Feather in the Storm: A Childhood Lost in Chaos (38 page)

BOOK: Feather in the Storm: A Childhood Lost in Chaos
5.19Mb size Format: txt, pdf, ePub

I cringed as she told me the story.

“If I had been bitten”—she sighed—“they never would have sent me home. I have the bad family background. The only way I’ll ever leave this place is if I die.”

“Me, too,” I said.

“Black family?”

“Yes.”

She pointed to an empty bed against the wall and said, “That was hers. Now it’s yours. Welcome to Tongxin School.”

As I unpacked, she briefed me on the lessons for the children. They were divided into two classrooms. Grades one, two and three were in one room and four, five and six in the other. She said she would be teaching political studies and math and I would be teaching Chinese and music. In the morning she taught the higher grades and I taught the lower grades. In the afternoon we switched.

That evening and for many evenings after, Dongmei and I talked late into the night. We soon got along like sisters. Dongmei was nineteen and from Shanghai. We were about the same height and weight
and had similar experiences growing up. Her family, too, had been terrorized by Red Guards. She loved school and dreamed of going to college someday. But her assignment to this remote region convinced her that those dreams would never come true.

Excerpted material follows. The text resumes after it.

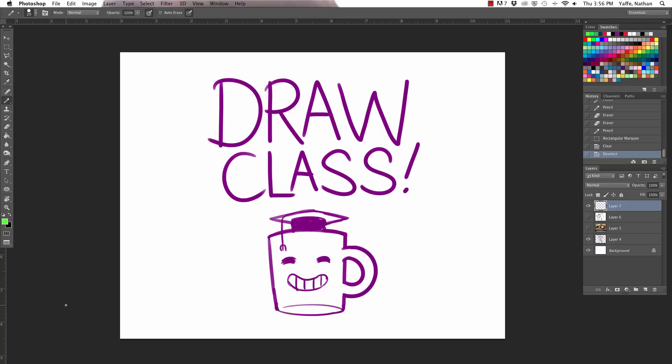Welcome to Draw Class, the show where we teach you how to draw things. I'm Caldwell. I'm Nathan. And today we have a special episode planned.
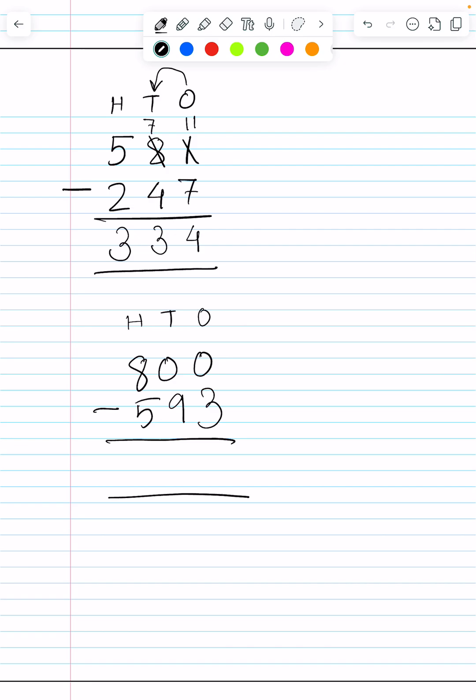We start with the ones column: 0 minus 3. We cannot do 0 minus 3 because 0 is less than 3. So the ones column again goes to its neighbor's house and knocks on the tens house and asks, 'Hello tens, can I please borrow a 10 from you?' Tens says, 'I am sorry, I am a zero, I don't have any tens to give you.'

I told her about my life. I told her about Yiping and my mixed feelings—love of him and fear for the consequences. She suggested I write to him and explain everything. I tried to write to him many evenings but ended up crying so hard I could never finish. I waited instead for a letter from him. None arrived. When I found I could not put my feelings into words, I thought about walking to his school to talk with him about our relationship and our future. Yet I was afraid to be so bold, fearing I’d get into trouble or be embarrassed or rejected. I waited and hoped.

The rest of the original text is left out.